**TRY IT**
From the entries below, please output exactly the lines starting at the one containing "Bianca cabalga por" and ending at the one containing "36 Lemon Myrtle Way, Craigieburn VIC 3064", both included.

**DATA RECORDS**

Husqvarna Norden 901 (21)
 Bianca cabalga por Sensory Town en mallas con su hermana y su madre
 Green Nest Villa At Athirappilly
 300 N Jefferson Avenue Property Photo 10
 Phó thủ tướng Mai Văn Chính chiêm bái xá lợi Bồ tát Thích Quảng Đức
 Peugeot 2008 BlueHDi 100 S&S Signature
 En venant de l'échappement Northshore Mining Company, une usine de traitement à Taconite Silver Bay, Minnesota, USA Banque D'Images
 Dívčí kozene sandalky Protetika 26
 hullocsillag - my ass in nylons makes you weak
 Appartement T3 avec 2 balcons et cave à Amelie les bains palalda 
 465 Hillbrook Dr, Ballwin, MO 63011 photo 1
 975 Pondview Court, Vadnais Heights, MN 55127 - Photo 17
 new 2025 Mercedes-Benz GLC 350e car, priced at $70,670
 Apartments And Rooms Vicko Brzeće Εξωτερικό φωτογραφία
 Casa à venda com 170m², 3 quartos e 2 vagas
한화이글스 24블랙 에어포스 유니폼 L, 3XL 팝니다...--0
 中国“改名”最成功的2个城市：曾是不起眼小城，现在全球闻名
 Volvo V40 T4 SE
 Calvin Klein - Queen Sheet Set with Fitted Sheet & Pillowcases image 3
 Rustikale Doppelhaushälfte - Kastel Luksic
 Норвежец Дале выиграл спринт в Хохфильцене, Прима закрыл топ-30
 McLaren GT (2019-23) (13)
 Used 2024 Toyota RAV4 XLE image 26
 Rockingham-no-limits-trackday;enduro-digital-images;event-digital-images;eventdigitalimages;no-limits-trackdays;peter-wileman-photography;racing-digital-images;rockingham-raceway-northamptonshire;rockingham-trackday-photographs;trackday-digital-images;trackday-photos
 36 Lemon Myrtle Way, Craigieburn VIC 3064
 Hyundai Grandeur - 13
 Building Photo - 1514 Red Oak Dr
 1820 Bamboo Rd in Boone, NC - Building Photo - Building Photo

**RESPONSE TO THE EXERCISE**
 Bianca cabalga por Sensory Town en mallas con su hermana y su madre
 Green Nest Villa At Athirappilly
 300 N Jefferson Avenue Property Photo 10
 Phó thủ tướng Mai Văn Chính chiêm bái xá lợi Bồ tát Thích Quảng Đức
 Peugeot 2008 BlueHDi 100 S&S Signature
 En venant de l'échappement Northshore Mining Company, une usine de traitement à Taconite Silver Bay, Minnesota, USA Banque D'Images
 Dívčí kozene sandalky Protetika 26
 hullocsillag - my ass in nylons makes you weak
 Appartement T3 avec 2 balcons et cave à Amelie les bains palalda 
 465 Hillbrook Dr, Ballwin, MO 63011 photo 1
 975 Pondview Court, Vadnais Heights, MN 55127 - Photo 17
 new 2025 Mercedes-Benz GLC 350e car, priced at $70,670
 Apartments And Rooms Vicko Brzeće Εξωτερικό φωτογραφία
 Casa à venda com 170m², 3 quartos e 2 vagas
한화이글스 24블랙 에어포스 유니폼 L, 3XL 팝니다...--0
 中国“改名”最成功的2个城市：曾是不起眼小城，现在全球闻名
 Volvo V40 T4 SE
 Calvin Klein - Queen Sheet Set with Fitted Sheet & Pillowcases image 3
 Rustikale Doppelhaushälfte - Kastel Luksic
 Норвежец Дале выиграл спринт в Хохфильцене, Прима закрыл топ-30
 McLaren GT (2019-23) (13)
 Used 2024 Toyota RAV4 XLE image 26
 Rockingham-no-limits-trackday;enduro-digital-images;event-digital-images;eventdigitalimages;no-limits-trackdays;peter-wileman-photography;racing-digital-images;rockingham-raceway-northamptonshire;rockingham-trackday-photographs;trackday-digital-images;trackday-photos
 36 Lemon Myrtle Way, Craigieburn VIC 3064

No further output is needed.